*** LISTED RECORDS ***
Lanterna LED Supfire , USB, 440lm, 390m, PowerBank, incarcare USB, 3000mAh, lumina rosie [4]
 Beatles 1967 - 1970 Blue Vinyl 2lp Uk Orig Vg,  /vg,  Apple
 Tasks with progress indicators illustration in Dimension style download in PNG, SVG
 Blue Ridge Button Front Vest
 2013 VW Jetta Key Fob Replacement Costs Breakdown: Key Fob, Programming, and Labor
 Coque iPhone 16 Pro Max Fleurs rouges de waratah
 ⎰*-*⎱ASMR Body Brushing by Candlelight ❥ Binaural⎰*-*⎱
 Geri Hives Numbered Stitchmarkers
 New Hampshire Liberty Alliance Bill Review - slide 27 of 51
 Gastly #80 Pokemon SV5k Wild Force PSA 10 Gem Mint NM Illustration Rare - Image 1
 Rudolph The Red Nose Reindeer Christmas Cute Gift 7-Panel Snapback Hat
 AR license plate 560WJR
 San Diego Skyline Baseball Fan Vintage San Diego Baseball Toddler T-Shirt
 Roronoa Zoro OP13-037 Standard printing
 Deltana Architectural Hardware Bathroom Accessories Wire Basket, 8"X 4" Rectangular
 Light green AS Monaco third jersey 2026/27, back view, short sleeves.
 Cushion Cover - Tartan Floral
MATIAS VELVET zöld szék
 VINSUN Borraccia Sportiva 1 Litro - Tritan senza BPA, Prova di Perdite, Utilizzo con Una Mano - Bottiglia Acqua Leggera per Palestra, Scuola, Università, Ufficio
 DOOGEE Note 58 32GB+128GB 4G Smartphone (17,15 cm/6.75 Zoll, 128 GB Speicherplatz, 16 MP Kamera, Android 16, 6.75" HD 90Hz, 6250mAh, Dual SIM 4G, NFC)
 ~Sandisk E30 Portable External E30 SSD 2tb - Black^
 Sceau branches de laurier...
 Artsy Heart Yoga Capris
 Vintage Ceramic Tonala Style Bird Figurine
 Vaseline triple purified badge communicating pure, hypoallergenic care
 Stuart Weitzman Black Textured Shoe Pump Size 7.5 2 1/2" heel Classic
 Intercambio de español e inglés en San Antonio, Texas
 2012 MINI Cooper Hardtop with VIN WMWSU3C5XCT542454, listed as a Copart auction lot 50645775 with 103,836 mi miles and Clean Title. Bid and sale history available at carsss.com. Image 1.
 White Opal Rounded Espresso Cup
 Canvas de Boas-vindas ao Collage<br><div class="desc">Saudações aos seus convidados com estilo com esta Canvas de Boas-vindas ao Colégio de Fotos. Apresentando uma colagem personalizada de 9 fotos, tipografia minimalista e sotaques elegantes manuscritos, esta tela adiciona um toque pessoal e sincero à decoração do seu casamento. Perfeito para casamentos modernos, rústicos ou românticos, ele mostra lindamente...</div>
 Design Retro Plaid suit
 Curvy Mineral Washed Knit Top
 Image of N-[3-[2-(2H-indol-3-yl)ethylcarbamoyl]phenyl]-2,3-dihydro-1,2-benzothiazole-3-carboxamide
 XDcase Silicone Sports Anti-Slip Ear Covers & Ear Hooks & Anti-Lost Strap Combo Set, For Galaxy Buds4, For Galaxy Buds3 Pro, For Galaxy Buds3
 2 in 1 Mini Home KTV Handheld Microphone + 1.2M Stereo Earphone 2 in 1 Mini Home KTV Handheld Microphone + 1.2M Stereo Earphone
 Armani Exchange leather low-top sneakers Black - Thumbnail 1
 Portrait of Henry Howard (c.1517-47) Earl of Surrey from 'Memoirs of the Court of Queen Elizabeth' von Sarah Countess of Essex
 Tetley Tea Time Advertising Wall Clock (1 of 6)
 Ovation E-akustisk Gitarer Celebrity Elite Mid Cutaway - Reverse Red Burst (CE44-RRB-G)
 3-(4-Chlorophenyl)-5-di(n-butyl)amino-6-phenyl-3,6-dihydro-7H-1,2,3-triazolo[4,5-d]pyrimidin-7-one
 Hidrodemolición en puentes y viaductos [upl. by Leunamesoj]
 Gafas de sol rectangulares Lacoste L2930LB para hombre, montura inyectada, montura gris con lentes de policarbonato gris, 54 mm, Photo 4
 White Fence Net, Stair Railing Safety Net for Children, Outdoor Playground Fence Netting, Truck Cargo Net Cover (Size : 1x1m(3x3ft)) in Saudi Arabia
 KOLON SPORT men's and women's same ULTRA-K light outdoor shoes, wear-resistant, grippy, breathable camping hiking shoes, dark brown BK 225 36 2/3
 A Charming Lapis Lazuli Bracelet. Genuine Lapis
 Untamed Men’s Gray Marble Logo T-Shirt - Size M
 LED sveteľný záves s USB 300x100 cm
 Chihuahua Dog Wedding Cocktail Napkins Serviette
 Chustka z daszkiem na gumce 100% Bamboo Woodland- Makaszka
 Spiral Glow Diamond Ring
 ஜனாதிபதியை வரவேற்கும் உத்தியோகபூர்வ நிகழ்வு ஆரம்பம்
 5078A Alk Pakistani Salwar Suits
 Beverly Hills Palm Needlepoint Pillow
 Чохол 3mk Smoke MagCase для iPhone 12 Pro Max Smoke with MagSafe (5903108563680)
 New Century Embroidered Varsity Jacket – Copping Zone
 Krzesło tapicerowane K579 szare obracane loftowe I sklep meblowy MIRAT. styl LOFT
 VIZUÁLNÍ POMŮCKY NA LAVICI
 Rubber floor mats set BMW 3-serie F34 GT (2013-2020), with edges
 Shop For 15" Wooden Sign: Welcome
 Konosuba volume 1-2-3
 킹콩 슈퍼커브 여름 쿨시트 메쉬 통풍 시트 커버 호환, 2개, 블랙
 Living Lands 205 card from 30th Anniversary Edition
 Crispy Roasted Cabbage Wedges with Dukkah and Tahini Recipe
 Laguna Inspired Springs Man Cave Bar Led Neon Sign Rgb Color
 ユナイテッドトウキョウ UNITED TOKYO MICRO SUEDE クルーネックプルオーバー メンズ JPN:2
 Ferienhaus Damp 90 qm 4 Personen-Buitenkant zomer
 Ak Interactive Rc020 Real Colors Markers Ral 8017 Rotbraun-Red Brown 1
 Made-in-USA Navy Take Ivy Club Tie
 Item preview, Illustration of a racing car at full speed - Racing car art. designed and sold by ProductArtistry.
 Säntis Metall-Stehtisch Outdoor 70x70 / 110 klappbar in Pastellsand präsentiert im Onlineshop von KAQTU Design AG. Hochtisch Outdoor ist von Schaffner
*** End of LISTED RECORDS ***
> [EXERCISE PROMPT] Only a number is expected: how many lines of the data include the string "Size".

> [WRITTEN RESPONSE] 3